Even though DOGE’s tweet spoke of money “going to be spent,” a political slugfest about the past beneficiaries erupted in India.
“$21M for voter turnout? This definitely is external interference in India’s electoral process. Who gains from this? Not the ruling party for sure!” said Amit Malviya, one of the prominent spokespersons of Modi’s Bharatiya Janata Party (BJP). In another tweet, Malviya alleged that Hungarian-American billionaire philanthropist George Soros’ “shadow looms over our electoral process.”
Describing Soros as “a known associate of the Congress party and the Gandhis,” Malviya highlighted that in 2012, the Election Commission of India headed by S.Y. Quraishi signed a memorandum of understanding with the International Foundation for Electoral Systems (IFES). Malviya said the IFES is “linked to George Soros’s Open Society Foundation, which is primarily funded by USAID.”
The Congress, which is now the main opposition party, rubbished the charges and alleged that the funds were actually used to destabilize the Congress-led United Progressive Alliance-II government, whose defeat in the 2014 general elections saw the Modi-led BJP come to power.
Responding to Malviya’s charge, Pawan Khera, who heads the Congress’ media and publicity department, wrote in a social media post, “Someone tell this clown that in 2012, when ECI allegedly got this funding from USAID, the ruling party was Congress.” Khera said that Malviya’s argument that such spending is meant to benefit the opposition leads to the conclusion that the BJP must have gained from USAID funding during 2012-14.
Meanwhile, Quraishi, the former Election Commission head, rejected the accusations, saying they do not “have an iota of fact.” He clarified that the MoU did not involve any financing, not even a promise of finance.

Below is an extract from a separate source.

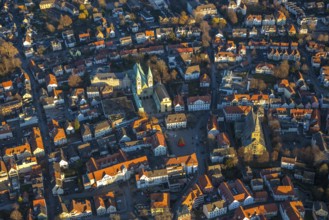 Aerial view, Basilica of the Visitation of the Virgin Mary, Walburgisstraße, old pilgrimage church,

The MoU, in reality, “made it clear in black and white that there would be no financial and legal obligation of any kind on either side,” he wrote on X.
U.S. President Donald Trump waded into the controversy to fuel the fire. “Why do we need to spend $21 million for voter turnout in India? I guess they were trying to get somebody else elected.” Here, “they” refers to the Joe Biden administration that Trump succeeded. “We have got to tell the Indian Government,” Trump said.
While the majority of India’s mainstream media and social media influencers jumped on Trump’s allegation, on February 21, the Indian Express published an investigative report, showing that the $21 million Trump and Musk’s department spoke about was meant for Bangladesh and sanctioned in 2022. Of this, $13.4 million has already been disbursed, ostensibly for “political and civic engagement” among Bangladeshi students in the run-up to the January 2024 elections.
The Indian Express report said India has not received any funds related to elections or voter turnout since 2008.
There is a reason why the controversy snowballed so quickly despite a lack of details on the nature, schedule, and extent of disbursement in the first place — Trump’s war is against India’s Hindu nationalists’ common enemy.
It all started on February 2, after Trump said USAID was being “run by a bunch of radical lunatics.” His administration was “getting them out” and then they would “make a decision,” ostensibly on USAID’s future.” A few hours later, Musk said that he “went over it” with Trump in detail and that Trump agreed that the agency should be shut down. The billionaire called USAID “incredibly politically partisan” and said it has been supporting “radically left causes throughout the world including things that are anti-American.”
In India, the BJP, which shares Trump and his coterie’s enthusiasm for bashing the Left, the “deep state” and George Soros, found in these developments a reason to celebrate. India’s Hindu nationalists include the BJP, its ideological-organizational parent Rashtriya Swayamsevak Sangh (RSS), and dozens of other affiliated organizations.
Less than 24 hours after Musk’s February 3 announcement, Malviya wrote in a social media post on X: “The deafening silence of the lunatic Left in India after the clampdown on USAID in the United States is telling. Several of these characters, who have long lived off such handouts, may now have to sell their pinstripe suits just to buy groceries.”
Hindu nationalists have been up in arms against Soros, especially since his January 2020 remarks calling the Modi government’s moves regarding citizenship and Kashmir as the “biggest and most frightening setback” to the survival of open societies worldwide. Since then, the Hindu nationalists have seen a Soros hand in many places — from archeological excavation projects in southern India to NGO funding.
Since coming to power in 2014, the Modi government has cracked down on NGOs that received foreign funds, especially those working on human rights and environmental protection.
On February 13, the RSS’ English mouthpiece, the Organiser, published an article alleging that “the Left ecosystem, long accused of orchestrating ideological subversion,” has “repeatedly leveraged” international funding channels like the USAID to push “anti-national and anti-humanitarian agendas.”
“Under the guise of philanthropy and development aid, USAID has been instrumental in funding NGOs, media houses, and so-called activist networks that propagate narratives detrimental to India’s sovereignty and cultural fabric,” it said and highlighted media reports indicating Soros’ foundation received USAID funding.
Trump and Musk’s war on “leftist” NGO funding has coalesced with that of the Modi government and the RSS network.
Incidentally, fraternal organizations of the BJP and the RSS are registered as NGOs, many of which receive foreign funding, including from Hindu nationalists based in the United States.